All examples in this vignette use categorical data, but the package also supports continuous data, which is most meaningful for Fleiss’ kappa, Conger’s kappa, and the new Brennan-Prediger coefficient (i.e., with kind = 2).

This package supports missing data in the following sense: If the same set of raters rate every item, but some raters are missing for some of the rows. An example is the Klein (2018) data:

knitr::kable(dat.klein2018)
rater1 rater2 rater3 rater4 rater5
1 2 2 NA 2
1 1 3 3 3
3 3 3 3 3
1 1 1 1 3
1 1 1 3 3
1 2 2 2 2
1 1 1 1 1
2 2 2 2 3
1 3 NA NA 3
1 1 1 3 3

Here missing data is marked as N/A. The estimators of the coefficients are consistent, and the inference is based on pairwise available data using the method of van Praag (1985)

fleissci(dat.klein2018)
#> Call: fleissci(x = dat.klein2018)
#> 
#> 95% confidence interval (n = 10).
#>      0.025      0.975 
#> -0.1549052  0.6048678 
#> 
#> Sample estimates.
#>     kappa        sd 
#> 0.2249813 0.5037932

It’s not supported to do inference on data with less than 22 ratings per pair. The following data from Gwet (2014) is an example

knitr::kable(dat.gwet2014)
rater1 rater2 rater3 rater4 rater5
1 1 2 NA 2
1 1 0 1 NA
2 3 3 3 NA
NA 0 0 NA 0
0 0 0 NA 0
0 0 0 NA 0
1 0 2 NA 1
1 NA 2 0 NA
2 2 2 NA 2
2 1 1 1 NA
NA 1 0 0 NA
0 0 0 0 NA
1 2 2 2 NA
3 3 2 2 3
1 1 1 NA 1
1 1 1 NA 1
2 1 2 NA 2
1 2 3 3 NA
1 1 0 1 NA
0 0 0 NA 0

Observe that only one row is rated by both rater 4 and 5. Hence you get an error when calling

fleissci(dat.gwet2014)
#> Error in fun(calc): The data does not contain sufficient non-NAs.

Aggregated data

Data on aggregated form looks different, with each row aggregating the number of ratings for each category. The following example is from Fleiss (1971).

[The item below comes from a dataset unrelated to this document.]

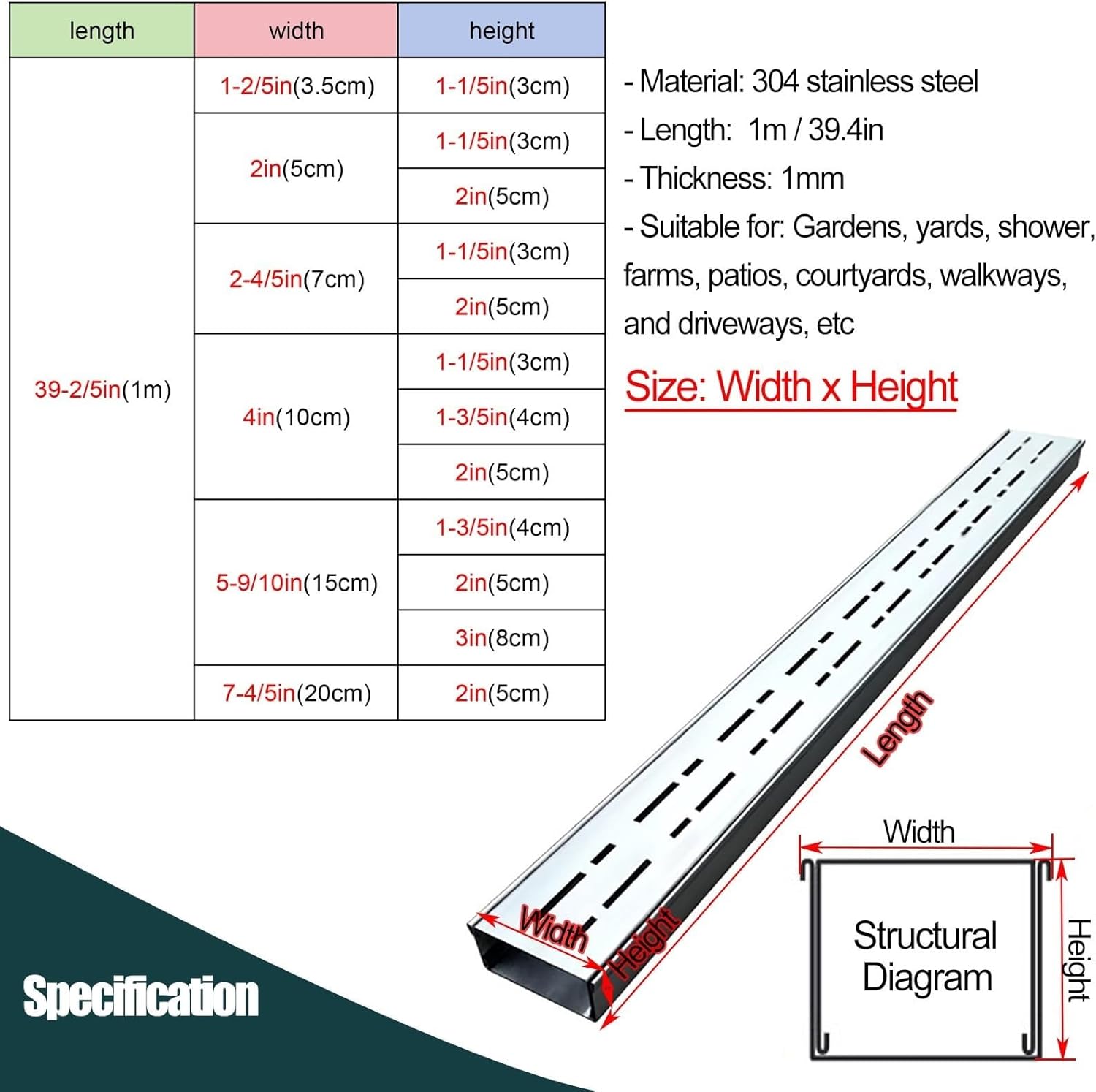 Stainless Steel Linear Shower Drain Kit, Narrow Rectangular Bathroom & Yard Drainage Channel, 6-Pack (100x20x5cm) for Deck, Garage, & Outdoor Use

knitr::kable(head(dat.fleiss1971))
depression personality disorder schizophrenia neurosis other
0 0 0 6 0
0 3 0 0 3
0 1 4 0 1
0 0 0 0 6
0 3 0 3 0
2 0 4 0 0

The dataset has categories

colnames(dat.fleiss1971)
#> [1] "depression"           "personality disorder" "schizophrenia"       
#> [4] "neurosis"             "other"

Provided we understand depression as being 1, personality disorder as being 2, and so on, we can calculate and do inference on the quadratically weighted Fleiss kappa (but not Conger’s kappa) for data on this form.

fleissci_aggr(dat.fleiss1971)
#> Call: fleissci_aggr(x = dat.fleiss1971)
#> 
#> 95% confidence interval (n = 30).
#>      0.025      0.975 
#> 0.05668483 0.51145967 
#> 
#> Sample estimates.
#> kappa.xtx        sd 
#> 0.2840722 0.5987194

The results from using the aggregated functions agree with irrCAC, despite the underlying methodology being different. The main contributions of this package when it comes to aggregated data is the ability to calculate the new variant of the Brennan-Prediger coefficient, the support for a a values telling the program what value to attach to each rating, and the support for transforms. The calculations are also marginally faster, about 22 times, but this is unlikely to have an impact. Note that inference for missing data on aggregated form is not supported. Data on aggregated form can, however, be bootstrapped, and the transforms none, fisher and arcsin are supported. The type options used in the long form do not make sense in this context.